Falling Cedi Wakes BoG From Slumber

The depreciation of the Ghana Cedi has forced the Monetary Policy Committee of the Bank of Ghana (BoG) to hold their quarterly review meeting of the health of the economy earlier than expected.

The central bank was expected to meet on February 17 and later hold a press conference to speak to journalists on February 19.

However, according to a statement from the Public Affairs Department of the BoG, this press conference had been moved forward to Thursday, 6, February, 2014.  

The bank has been meeting since last Friday to review measures already introduced and new once to stabilise the falling cedi.

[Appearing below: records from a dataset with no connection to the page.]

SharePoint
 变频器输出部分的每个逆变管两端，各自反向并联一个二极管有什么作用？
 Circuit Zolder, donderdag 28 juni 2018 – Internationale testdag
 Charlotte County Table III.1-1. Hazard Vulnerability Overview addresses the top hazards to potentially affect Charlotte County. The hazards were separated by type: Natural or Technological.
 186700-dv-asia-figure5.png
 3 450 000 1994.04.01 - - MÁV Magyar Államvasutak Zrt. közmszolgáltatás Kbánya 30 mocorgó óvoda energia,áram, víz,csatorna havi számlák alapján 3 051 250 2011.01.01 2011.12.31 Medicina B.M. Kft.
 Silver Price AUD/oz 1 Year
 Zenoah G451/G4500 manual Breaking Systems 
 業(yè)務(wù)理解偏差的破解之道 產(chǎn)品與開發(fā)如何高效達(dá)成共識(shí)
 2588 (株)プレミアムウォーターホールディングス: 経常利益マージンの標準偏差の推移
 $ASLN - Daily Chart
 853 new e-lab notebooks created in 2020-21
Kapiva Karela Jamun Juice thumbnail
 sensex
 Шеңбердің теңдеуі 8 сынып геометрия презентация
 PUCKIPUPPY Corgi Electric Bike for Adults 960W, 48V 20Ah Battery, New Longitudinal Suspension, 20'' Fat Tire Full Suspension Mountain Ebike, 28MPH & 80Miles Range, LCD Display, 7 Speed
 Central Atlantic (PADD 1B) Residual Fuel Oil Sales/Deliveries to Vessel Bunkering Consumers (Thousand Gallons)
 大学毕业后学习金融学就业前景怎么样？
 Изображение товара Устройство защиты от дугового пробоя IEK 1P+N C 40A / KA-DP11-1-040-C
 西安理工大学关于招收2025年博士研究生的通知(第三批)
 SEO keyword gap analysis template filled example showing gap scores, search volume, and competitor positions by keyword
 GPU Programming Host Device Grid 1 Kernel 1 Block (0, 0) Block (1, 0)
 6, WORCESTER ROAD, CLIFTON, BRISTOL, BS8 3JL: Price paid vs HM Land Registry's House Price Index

The change in date of the meeting has been influenced by pressures on the BoG and its governor as some Ghanaians had called him to resign.

The Thursday’s meeting, the newspaper gather would enable the bank to announce innovative measures to contain the free fall of the cedi to the journalists who will intend deliver the good news to Ghanaians.

As at yesterday, the US dollar, which used to sell on the local foreign exchange market for GH¢2.20 before the 2013 Christmas, is now selling at GH¢2.40, while the British pound, which used to be sold about GH¢3, is now selling at GH¢ 4.

The same goes for the euro and CFA, with the euro now selling at GH¢ 3.23, while the CFA is going for GH¢4.70.

The cedi has already depreciated about 18% as against the major international currencies this month.  In 2013, the local currency suffered a 17-per cent depreciation which economists blamed on the 2012 general elections.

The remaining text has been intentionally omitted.